--- MATERIAL SHOWN Enclosed Below ---

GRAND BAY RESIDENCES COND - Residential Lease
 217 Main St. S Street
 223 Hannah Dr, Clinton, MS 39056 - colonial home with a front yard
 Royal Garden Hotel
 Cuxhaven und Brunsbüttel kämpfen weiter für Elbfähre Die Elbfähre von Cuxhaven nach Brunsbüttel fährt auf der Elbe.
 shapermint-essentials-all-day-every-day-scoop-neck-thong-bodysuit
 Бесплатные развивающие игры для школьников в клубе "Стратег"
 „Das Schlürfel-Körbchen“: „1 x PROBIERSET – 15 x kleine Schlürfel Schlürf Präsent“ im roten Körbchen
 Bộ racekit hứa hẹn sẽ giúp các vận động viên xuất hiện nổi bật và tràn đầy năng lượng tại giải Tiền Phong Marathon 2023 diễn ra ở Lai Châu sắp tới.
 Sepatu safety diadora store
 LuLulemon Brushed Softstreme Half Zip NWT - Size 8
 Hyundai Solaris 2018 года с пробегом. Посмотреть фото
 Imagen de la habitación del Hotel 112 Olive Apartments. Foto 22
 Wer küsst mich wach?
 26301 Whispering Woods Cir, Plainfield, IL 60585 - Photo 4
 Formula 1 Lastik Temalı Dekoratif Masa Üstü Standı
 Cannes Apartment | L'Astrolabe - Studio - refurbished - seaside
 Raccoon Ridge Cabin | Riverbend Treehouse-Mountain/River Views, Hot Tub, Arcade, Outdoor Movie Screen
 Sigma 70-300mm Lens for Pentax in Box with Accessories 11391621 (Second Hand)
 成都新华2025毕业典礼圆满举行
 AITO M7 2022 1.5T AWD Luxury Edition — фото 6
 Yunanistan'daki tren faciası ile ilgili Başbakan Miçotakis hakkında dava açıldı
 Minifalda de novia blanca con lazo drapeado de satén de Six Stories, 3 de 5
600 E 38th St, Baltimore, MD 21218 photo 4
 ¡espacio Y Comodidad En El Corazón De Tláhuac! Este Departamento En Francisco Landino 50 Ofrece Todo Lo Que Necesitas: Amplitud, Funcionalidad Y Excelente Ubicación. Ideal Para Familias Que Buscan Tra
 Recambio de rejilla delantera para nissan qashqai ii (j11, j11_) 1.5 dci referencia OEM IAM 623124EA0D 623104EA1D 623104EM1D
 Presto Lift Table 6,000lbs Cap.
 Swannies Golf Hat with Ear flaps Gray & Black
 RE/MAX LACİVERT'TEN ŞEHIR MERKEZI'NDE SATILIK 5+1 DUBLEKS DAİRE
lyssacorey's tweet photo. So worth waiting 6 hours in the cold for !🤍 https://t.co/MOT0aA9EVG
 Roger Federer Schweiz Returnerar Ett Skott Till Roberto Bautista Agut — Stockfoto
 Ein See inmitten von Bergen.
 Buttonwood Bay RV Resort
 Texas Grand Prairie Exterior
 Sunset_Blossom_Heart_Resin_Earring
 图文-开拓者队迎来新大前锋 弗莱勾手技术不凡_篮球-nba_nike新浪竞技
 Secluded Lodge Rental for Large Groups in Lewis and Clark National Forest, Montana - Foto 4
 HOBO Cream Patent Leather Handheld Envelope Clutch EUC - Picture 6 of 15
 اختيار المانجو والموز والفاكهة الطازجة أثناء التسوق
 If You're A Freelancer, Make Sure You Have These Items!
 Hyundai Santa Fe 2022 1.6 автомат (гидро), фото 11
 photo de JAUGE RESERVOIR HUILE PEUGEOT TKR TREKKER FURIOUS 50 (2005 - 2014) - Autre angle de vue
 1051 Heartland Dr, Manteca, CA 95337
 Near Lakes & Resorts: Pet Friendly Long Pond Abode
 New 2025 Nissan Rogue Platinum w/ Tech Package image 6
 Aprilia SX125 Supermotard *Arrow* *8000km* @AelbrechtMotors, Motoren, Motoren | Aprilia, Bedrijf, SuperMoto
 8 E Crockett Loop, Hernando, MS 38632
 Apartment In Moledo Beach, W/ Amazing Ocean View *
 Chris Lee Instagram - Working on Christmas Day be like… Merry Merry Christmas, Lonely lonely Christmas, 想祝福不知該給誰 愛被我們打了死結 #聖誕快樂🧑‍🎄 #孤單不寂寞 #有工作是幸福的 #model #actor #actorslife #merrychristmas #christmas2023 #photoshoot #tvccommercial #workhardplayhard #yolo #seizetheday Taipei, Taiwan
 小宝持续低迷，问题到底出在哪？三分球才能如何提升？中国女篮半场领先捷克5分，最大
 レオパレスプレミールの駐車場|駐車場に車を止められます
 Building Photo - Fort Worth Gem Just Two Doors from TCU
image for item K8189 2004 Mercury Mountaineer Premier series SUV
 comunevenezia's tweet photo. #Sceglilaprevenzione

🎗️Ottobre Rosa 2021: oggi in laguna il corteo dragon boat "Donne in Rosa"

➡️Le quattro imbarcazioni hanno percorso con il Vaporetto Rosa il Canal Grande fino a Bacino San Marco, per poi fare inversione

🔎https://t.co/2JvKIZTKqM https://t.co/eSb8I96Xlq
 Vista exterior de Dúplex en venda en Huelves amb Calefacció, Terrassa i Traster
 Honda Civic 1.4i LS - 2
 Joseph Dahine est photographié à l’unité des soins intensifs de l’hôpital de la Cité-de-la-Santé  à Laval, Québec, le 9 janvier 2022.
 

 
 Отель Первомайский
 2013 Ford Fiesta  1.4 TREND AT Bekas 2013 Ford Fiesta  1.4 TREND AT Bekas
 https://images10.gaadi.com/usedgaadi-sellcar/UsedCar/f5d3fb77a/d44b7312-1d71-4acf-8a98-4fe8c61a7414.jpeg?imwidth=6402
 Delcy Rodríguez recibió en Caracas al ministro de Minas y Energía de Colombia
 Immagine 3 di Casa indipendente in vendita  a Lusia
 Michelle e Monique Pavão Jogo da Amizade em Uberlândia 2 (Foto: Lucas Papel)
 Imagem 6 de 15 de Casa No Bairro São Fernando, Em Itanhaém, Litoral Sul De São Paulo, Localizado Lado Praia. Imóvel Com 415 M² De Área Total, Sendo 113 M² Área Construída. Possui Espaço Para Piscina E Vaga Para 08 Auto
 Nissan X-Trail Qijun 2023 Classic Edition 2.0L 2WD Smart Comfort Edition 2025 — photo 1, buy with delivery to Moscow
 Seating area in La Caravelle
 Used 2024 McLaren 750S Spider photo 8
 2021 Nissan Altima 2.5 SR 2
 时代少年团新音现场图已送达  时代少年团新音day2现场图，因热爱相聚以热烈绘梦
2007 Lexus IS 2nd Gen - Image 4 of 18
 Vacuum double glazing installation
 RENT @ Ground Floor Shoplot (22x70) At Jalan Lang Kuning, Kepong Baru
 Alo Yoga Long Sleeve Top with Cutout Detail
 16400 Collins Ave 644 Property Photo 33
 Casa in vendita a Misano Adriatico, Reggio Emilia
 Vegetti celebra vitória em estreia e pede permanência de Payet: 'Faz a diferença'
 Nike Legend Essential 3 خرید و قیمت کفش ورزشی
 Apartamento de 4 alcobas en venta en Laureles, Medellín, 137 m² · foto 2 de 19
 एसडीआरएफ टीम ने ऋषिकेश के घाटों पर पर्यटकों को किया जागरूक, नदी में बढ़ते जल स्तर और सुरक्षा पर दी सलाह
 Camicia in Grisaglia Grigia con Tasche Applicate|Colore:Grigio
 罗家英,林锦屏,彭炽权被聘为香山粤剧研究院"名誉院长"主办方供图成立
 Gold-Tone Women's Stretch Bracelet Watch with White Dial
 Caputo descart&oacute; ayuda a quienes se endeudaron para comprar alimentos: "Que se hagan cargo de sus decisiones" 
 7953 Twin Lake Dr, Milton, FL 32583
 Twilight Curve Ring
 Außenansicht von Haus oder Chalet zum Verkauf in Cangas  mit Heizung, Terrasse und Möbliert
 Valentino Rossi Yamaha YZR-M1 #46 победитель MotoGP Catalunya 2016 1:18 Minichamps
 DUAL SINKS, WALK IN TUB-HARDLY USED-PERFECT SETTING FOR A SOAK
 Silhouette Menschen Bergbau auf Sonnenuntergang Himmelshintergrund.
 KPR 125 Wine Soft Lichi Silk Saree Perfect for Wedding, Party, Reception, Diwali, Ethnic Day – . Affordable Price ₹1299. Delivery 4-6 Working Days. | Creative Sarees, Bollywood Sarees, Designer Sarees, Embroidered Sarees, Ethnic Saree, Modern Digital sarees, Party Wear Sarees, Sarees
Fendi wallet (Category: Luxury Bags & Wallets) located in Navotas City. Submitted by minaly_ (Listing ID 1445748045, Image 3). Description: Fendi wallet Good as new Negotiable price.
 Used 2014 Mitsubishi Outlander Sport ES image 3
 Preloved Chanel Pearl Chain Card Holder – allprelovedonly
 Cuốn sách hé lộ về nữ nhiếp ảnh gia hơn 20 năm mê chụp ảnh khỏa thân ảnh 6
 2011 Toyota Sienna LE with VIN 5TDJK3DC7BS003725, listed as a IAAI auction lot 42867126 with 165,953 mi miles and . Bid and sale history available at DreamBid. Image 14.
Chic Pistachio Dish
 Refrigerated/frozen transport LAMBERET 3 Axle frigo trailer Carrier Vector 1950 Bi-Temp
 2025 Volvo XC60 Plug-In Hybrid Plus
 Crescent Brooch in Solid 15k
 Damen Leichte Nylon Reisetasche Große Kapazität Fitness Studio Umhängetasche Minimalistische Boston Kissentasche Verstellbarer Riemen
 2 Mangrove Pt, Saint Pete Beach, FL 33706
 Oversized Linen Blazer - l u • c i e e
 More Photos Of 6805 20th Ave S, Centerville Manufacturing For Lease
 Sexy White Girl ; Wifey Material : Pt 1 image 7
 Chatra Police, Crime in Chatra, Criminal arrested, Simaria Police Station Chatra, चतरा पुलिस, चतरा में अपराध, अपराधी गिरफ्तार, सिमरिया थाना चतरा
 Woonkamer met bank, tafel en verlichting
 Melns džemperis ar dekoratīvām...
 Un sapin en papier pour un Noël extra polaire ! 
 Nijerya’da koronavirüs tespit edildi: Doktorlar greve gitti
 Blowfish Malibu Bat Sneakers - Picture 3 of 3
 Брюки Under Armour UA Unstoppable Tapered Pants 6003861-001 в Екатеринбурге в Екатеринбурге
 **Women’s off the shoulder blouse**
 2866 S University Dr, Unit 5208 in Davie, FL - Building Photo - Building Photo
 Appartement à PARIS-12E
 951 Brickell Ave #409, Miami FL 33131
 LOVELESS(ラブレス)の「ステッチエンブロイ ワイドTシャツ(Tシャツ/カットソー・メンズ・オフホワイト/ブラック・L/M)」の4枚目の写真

--- End of Enclosed MATERIAL SHOWN ---

◆ **EXERCISE DIRECTIONS**
Across the entries, state how many lines contain "tweet", giving the number only.

◆ **SOLUTION BELOW**
2